I have been watching this hobby over the last several years and I've noticed when the local shopping mall has a baseball card show the collectors are mostly middle-aged men not little boys. Could it be that this is the age where superfluous cash exists enough to purchase the packs of cards at $2.50 a pop? Could it, in fact, be the entire reason the hobby had such a resurgence in the first place was due to all those little boys, who once sat on the ground playing with baseball cards, have grown up and happened to have cards laying around the house they wished to add to? I think it is a little of both. Without the nitty-gritty, hands on, playing with baseball cards these men did as they grew up there would be no reason to desire a bunch of pictures of over-paid sports players. Understand people, there is NO MORE PLAYING with these cards. I was about to purchase a collection that my son would not be able to touch, let alone make "clickers" out of. Even the slightest dent in one of these cards devalues the card in such a way that it would be totally impossible for any young child to appreciate ownership of these cards. Remember Aunt Virginia's plastic furniture slip covers? Didn't you wonder what red crushed velvet would have felt like under your backside? How can a young boy appreciate a hobby where the slick, slippery, glossy, full color, cardboard must be placed inside a plastic sheath, or worse yet an acrylic box to protect it for future value? How can anyone enjoy purchasing a box of cards never to be able to open it, always wondering what cards are in it as they save it for the future. Hey, to a kid, the future is the next cartoon coming on after the one their watching. Saving a whole box of cards would make me nuts, I'd have to open it, inspect each card, ohh and ahh, and show my folks, and anyone who would give me a moment of their time, the treasures inside. Now THAT'S collecting!

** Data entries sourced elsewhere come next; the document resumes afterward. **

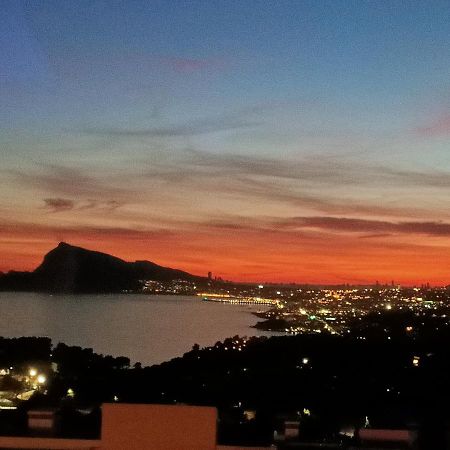 Wonderful Seaviews Only Adults Apartamento Altea Exterior foto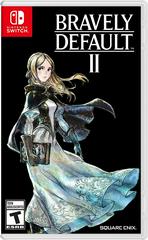 Bravely Default II - (CiB) (Nintendo Switch Games)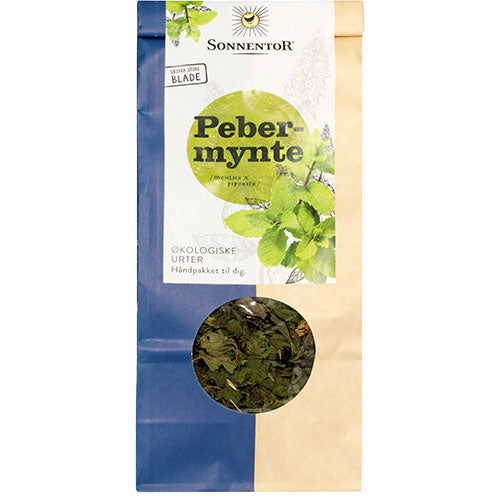 Peppermynte te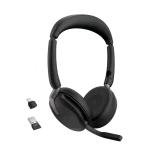 Jabra Evolve2 65 Flex Foldable Wireless Headset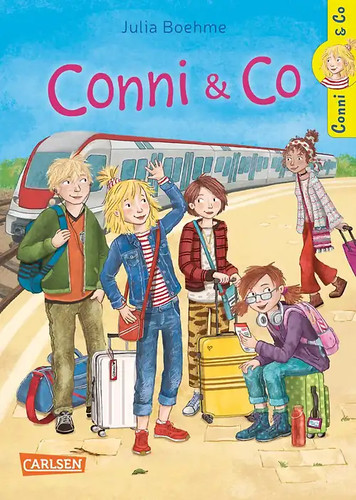 Conni co - 1:, &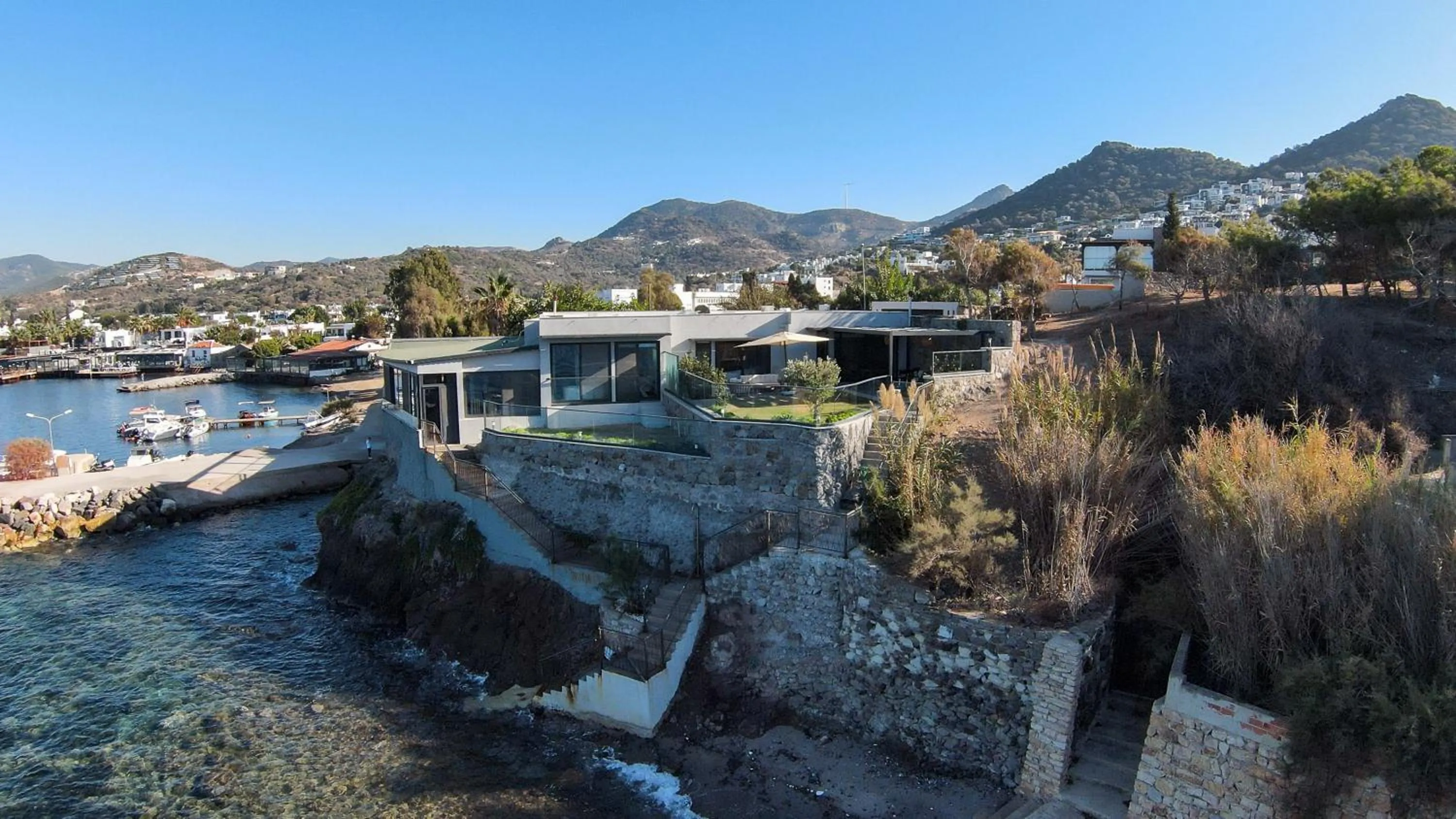 Day in Çimentepe Residence Deluxe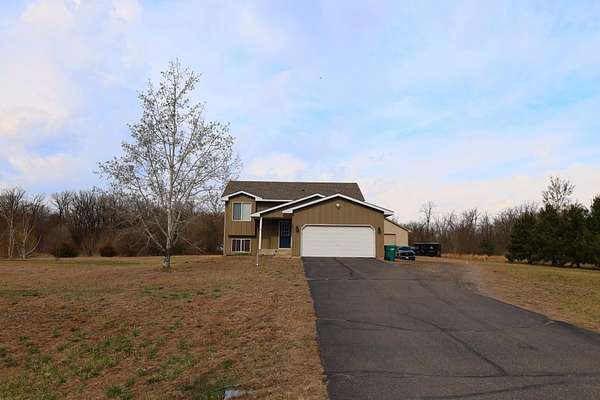 2.52 Acres of Land with Home for Sale in Princeton, Minnesota
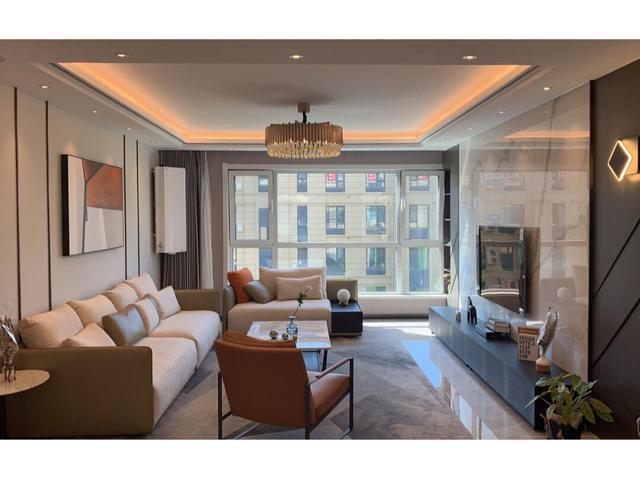 現(xiàn)代奢華風(fēng)格的別墅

I'd like to point out a couple of more things regarding sports cards that you may not know. For every players' face to be placed on a card either a release, or a contract for a percentage of the sales must be signed by the player himself. Therefore, the players with proven track records, who are receiving overly abundant salaries due to contract negotiations based on their records, are also making money off baseball card sales. Now, I don't know about you, but it kinda bugs me that by purchasing these cards I am not only encouraging the glut of money these men make, but actually adding to it on a personal level. Furthermore, I have been a witness to the sales of autographs of "celebrity" players by themselves! What audacity! It is the fans that make baseball, and any other sport for that matter, matter. Without fans players would be nowhere. Yet, is the fan appreciated when he/she purchases a player's favorite style bat or glove, then stands in line with other fans to pay Joe Blow player $35.00 for his signature on it? Well, I suppose if people are dumb enough to submit themselves to this, and Joe Blow player is greedy enough to take advantage of their stupidity...

Before I became a mother I had imagined having a son who would naturally play baseball and collect his favorite team's cards. It's sad for me to see a hobby that once belonged to young boys be taken over by greedy, money grabbing adults. Hey, did you know Disney makes cards of their movies? And the best thing is my son can PLAY with them!